The consolidation of such a great population of wrecks within so small an area could not fail to affect the local environment. Some vessels are anchored in place by gravel and sand dumped on them to keep them from floating off, while others have settled into the river’s mud and are held in place by soft bottom sediment. Many stand eight to ten feet off the bay floor, their iron cross straps still holding them together just as Theodore Ferris had intended. Some are braced with poured-concrete frames, usually near the shaft tunnels, probably intended as last-minute additions designed to counter the engine-vibration problems reported during many sea trials.

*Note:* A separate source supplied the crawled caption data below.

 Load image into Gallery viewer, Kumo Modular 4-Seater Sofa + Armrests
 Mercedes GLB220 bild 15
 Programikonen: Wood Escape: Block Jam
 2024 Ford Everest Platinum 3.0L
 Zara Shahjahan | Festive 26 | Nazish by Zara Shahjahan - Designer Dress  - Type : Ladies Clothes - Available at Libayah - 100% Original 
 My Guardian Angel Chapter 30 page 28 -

The shipwrecks of Mallows Bay have created a synthetic environment that in its slow but certain evolution has held and enriched the sediments. This environment counteracts the pollution of the Potomac’s water, filtering it and providing habitats and food sources to a wide range of life forms. In the process, each vessel has become a mini-ecosystem. Just as it was once the last refuge of the Potomac snowy egret and the site of Maryland’s last sturgeon fishery, so Mallows Bay has again blossomed with biodiversity. In many ways it is a giant artificial reef to which the creatures of the sea flock to flourish, reclaiming this stretch of the river once and for all from the trauma of industrial salvage and pollution.

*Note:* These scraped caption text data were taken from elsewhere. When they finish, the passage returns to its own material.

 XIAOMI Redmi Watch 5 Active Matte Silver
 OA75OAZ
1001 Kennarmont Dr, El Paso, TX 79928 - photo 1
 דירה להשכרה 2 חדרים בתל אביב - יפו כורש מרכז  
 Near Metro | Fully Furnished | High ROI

We also found that deer and beaver have taken up residence among the dense mini-forests of eastern red cedar, green ash, persimmon, red swamp maple, and sweet gum and the scores of species of woody shrubs, herbaceous perennials and annuals, and vines growing onboard many of the more exposed ships. Birds and mammals that were once endangered or had left the region altogether have begun to repopulate the area on and around the wrecks. Scaups, sea ducks, dabbling ducks, Canada geese, whistling swans, ospreys, and American bald eagles have taken up habitation, many onboard the fleet itself. Muskrat, beaver, river otter, nutria, and white-tailed deer have been observed in residence on innumerable hulks. Returning to a section of the river once declared dead, striped bass, American shad, white perch, American eel, and many other species of fish, as well as a variety of crustaceans and mollusks, amphibians, and reptiles, are there in abundance.

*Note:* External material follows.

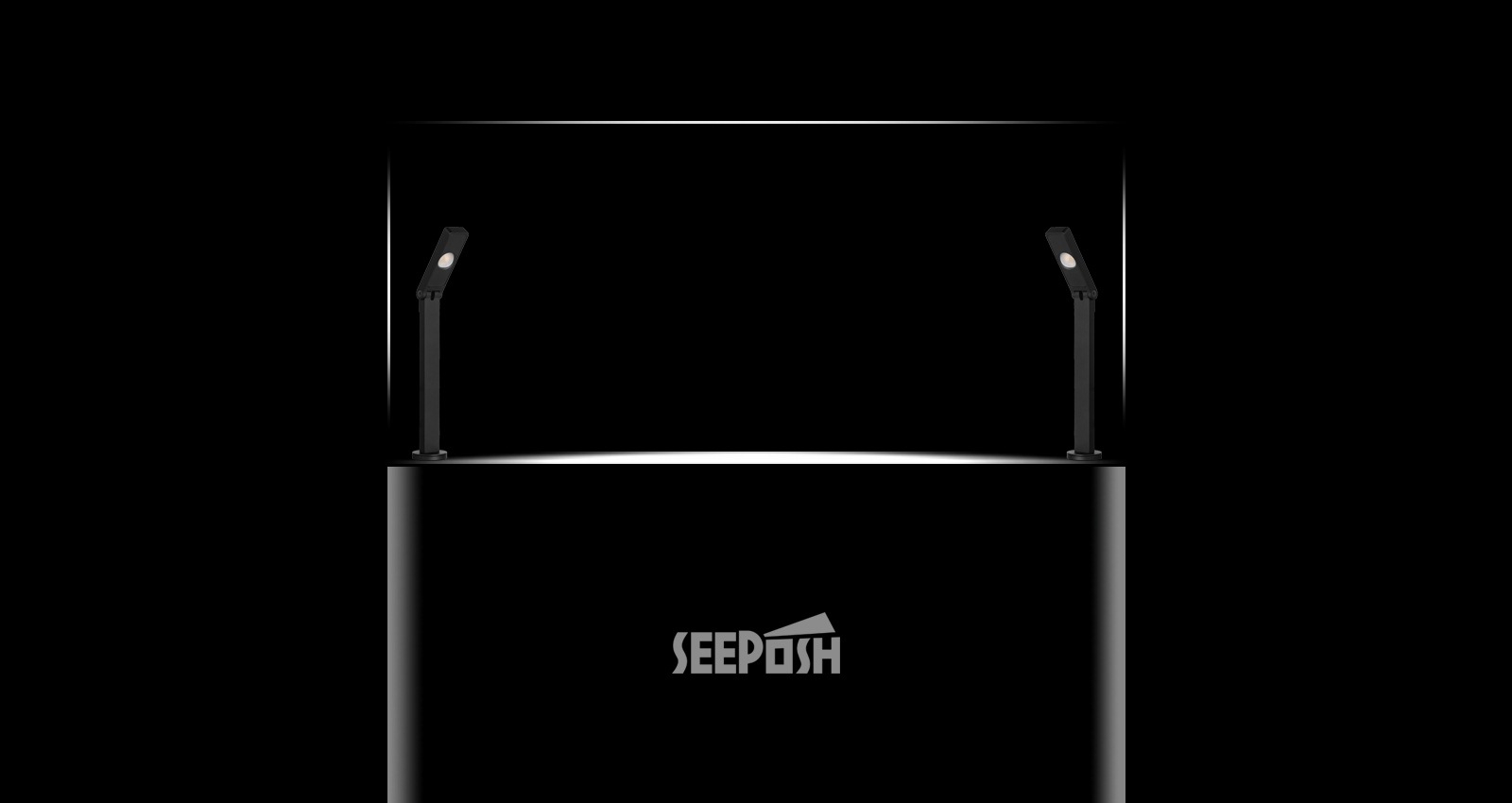 SP-18003  Pole Light gallery image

Over the centuries, Mallows Bay has been many things to many people. Today it is a historical and archeological chronicle of unique and unparalleled importance whose secrets we have only begun to decipher. And for the first time, even as its past is still being discovered, its future is clear. On February 24, 1996, J. Rodney Little, Maryland’s state historic preservation officer, formally announced Maryland’s intention of designating the shipwrecks of Mallows Bay—the largest, most comprehensive archeological assemblage of American maritime industry in one place at one time—a state historic shipwreck preserve. In so doing, he ensured that amid the wrecks and ruins of a century or more, much of the record of maritime America will continue to sleep serenely in this small, remote crevice of the Maryland shore.